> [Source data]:

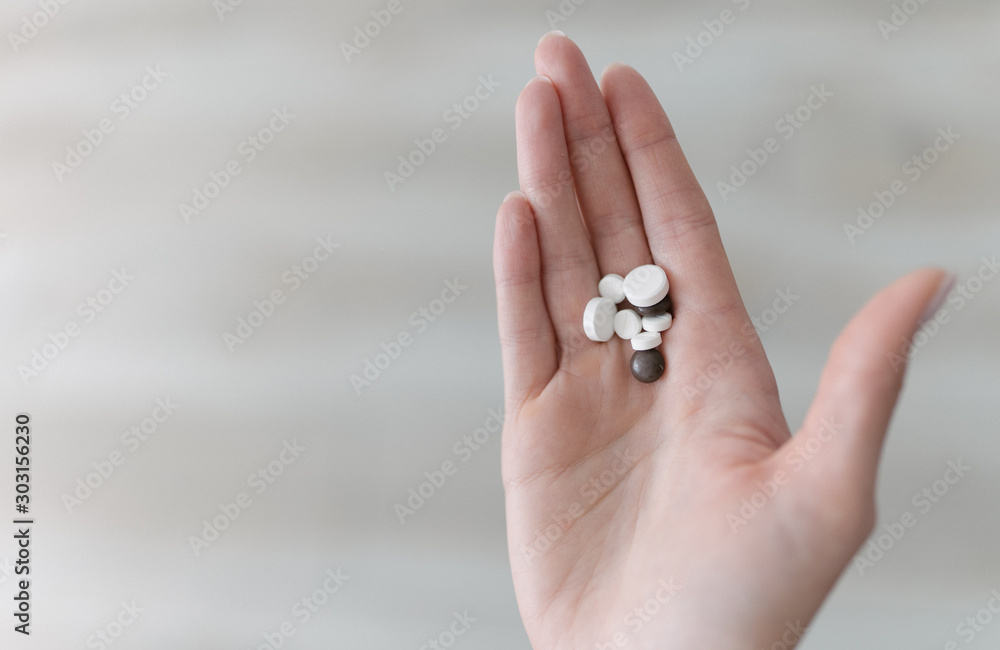 Probiotics, nutritional supplements and vitamins in the hand. The girl shows medical medicines. Harmless medicine capsules close up Probiotics, nutritional supplements and vitamins in the hand. The girl shows medical medicines. Harmless medicine capsules close up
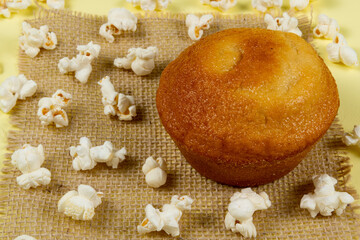 orange cake surrounded by popcorn spread on the table ...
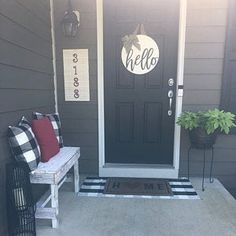 a black and white front door with red pillows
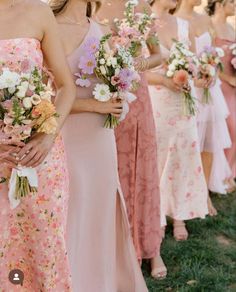 the bridesmaids are all wearing pink dresses and holding bouquets in their hands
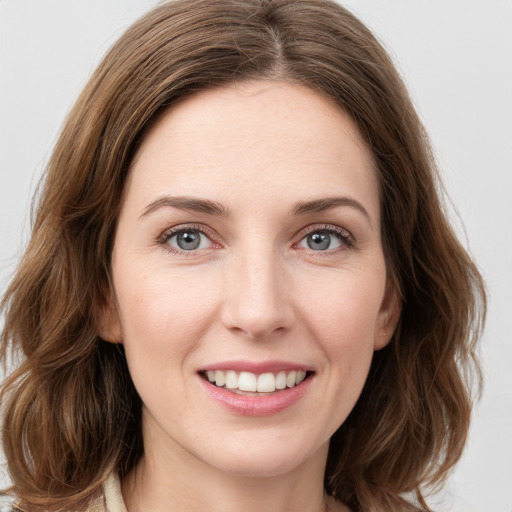 Joyful white young-adult female with medium  brown hair and green eyes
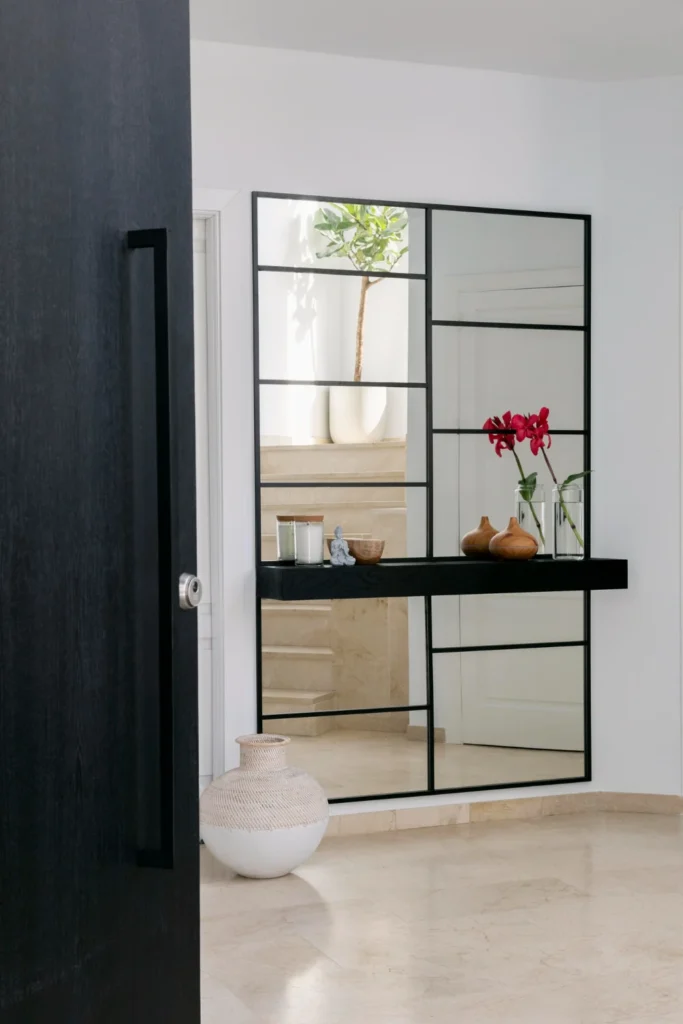 a collection of mirrors arranged on neutral wall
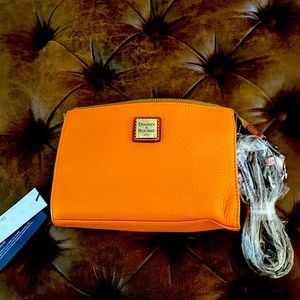 Small bright orange crossbody bag. Great for your spring or a sweet young girl!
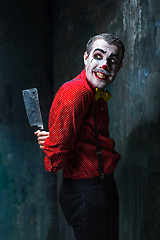 Image showing The crazy clown holding a knife on dack. Halloween concept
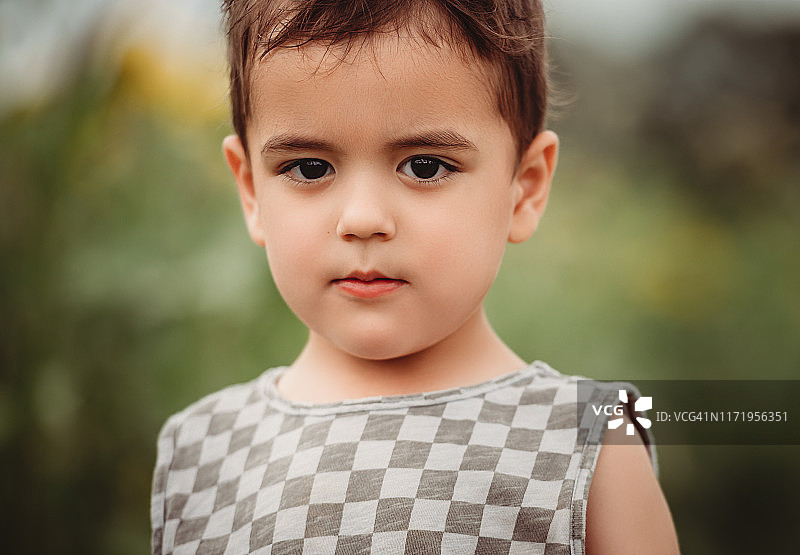 在爱荷华州的向日葵农场里摆姿势的一个3岁的黑发男孩的肖像图片素材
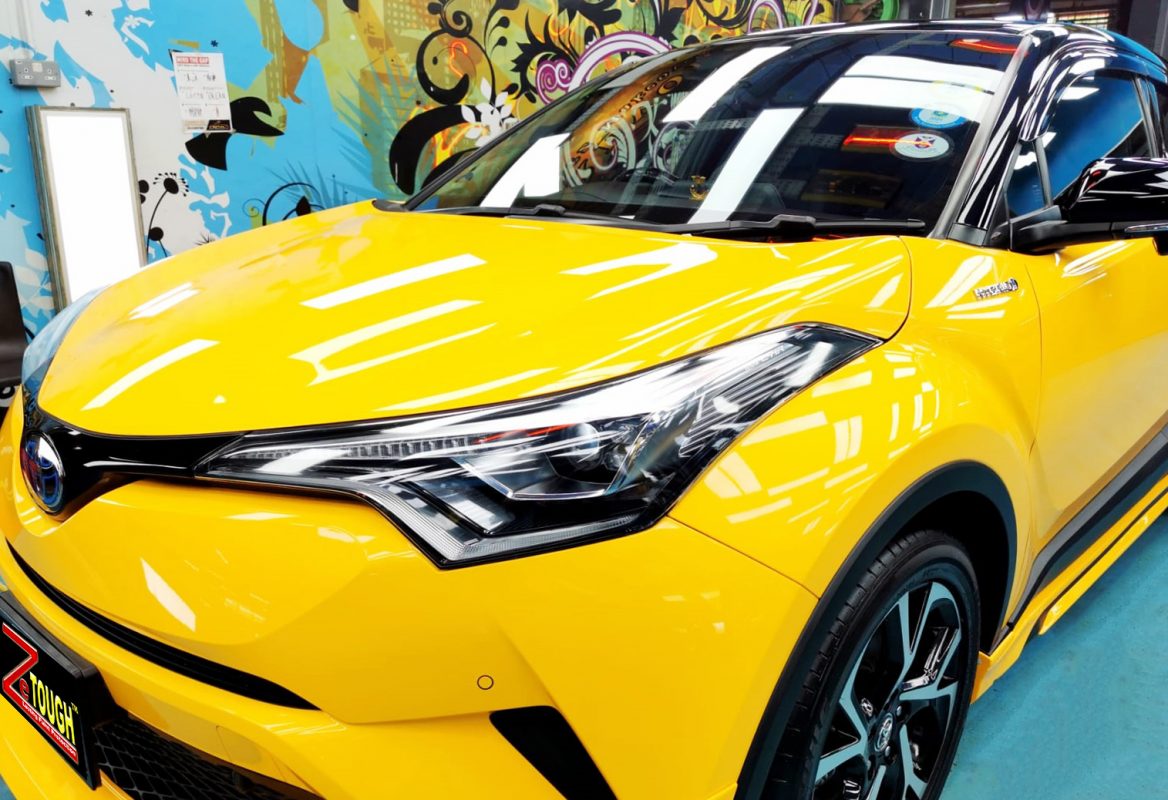 The Toyota C-HR Hybrid from a side angle after the titanium coating.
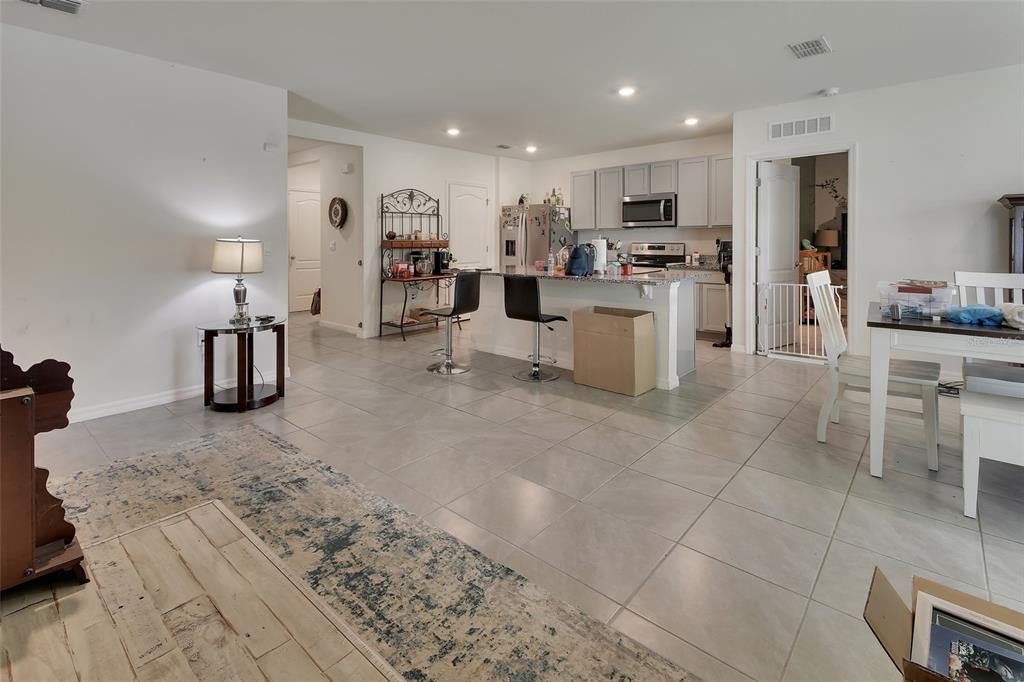 An open-concept kitchen and living area features light tile flooring, white cabinetry, and a breakfast bar — 1235 WINTER GRAY CIRCLE, DELTONA, FL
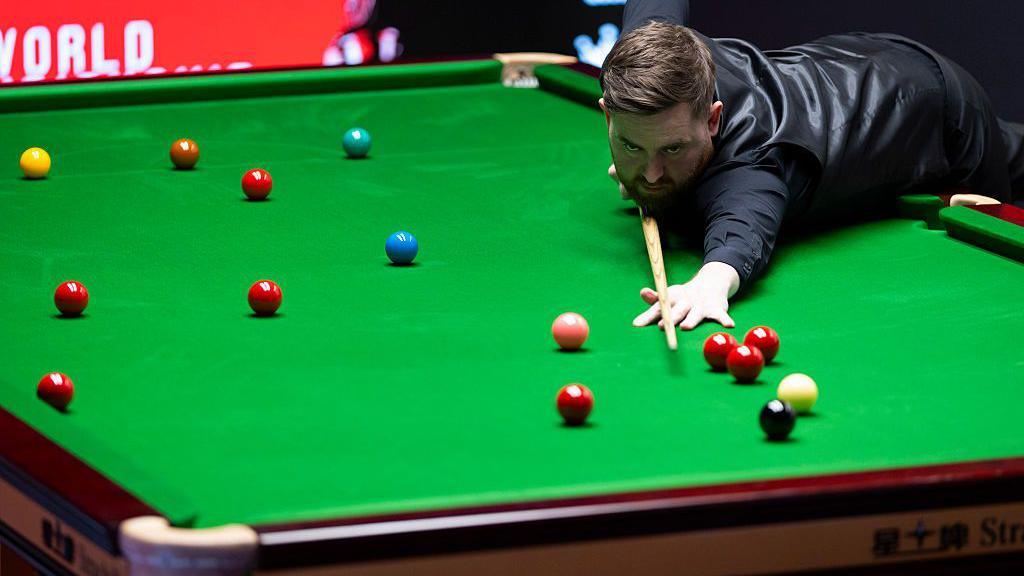 Jak Jones takes a shot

> [Exercise requirements]:
In the records, the line containing "a black and" starts the span and the final line ends it. Output exactly that span, both ends included, with no pictures and nothing else.

> [Answer section]:
 a black and white front door with red pillows
 the bridesmaids are all wearing pink dresses and holding bouquets in their hands
 Joyful white young-adult female with medium  brown hair and green eyes
 a collection of mirrors arranged on neutral wall
 Small bright orange crossbody bag. Great for your spring or a sweet young girl!
 Image showing The crazy clown holding a knife on dack. Halloween concept
 在爱荷华州的向日葵农场里摆姿势的一个3岁的黑发男孩的肖像图片素材
 The Toyota C-HR Hybrid from a side angle after the titanium coating.
 An open-concept kitchen and living area features light tile flooring, white cabinetry, and a breakfast bar — 1235 WINTER GRAY CIRCLE, DELTONA, FL
 Jak Jones takes a shot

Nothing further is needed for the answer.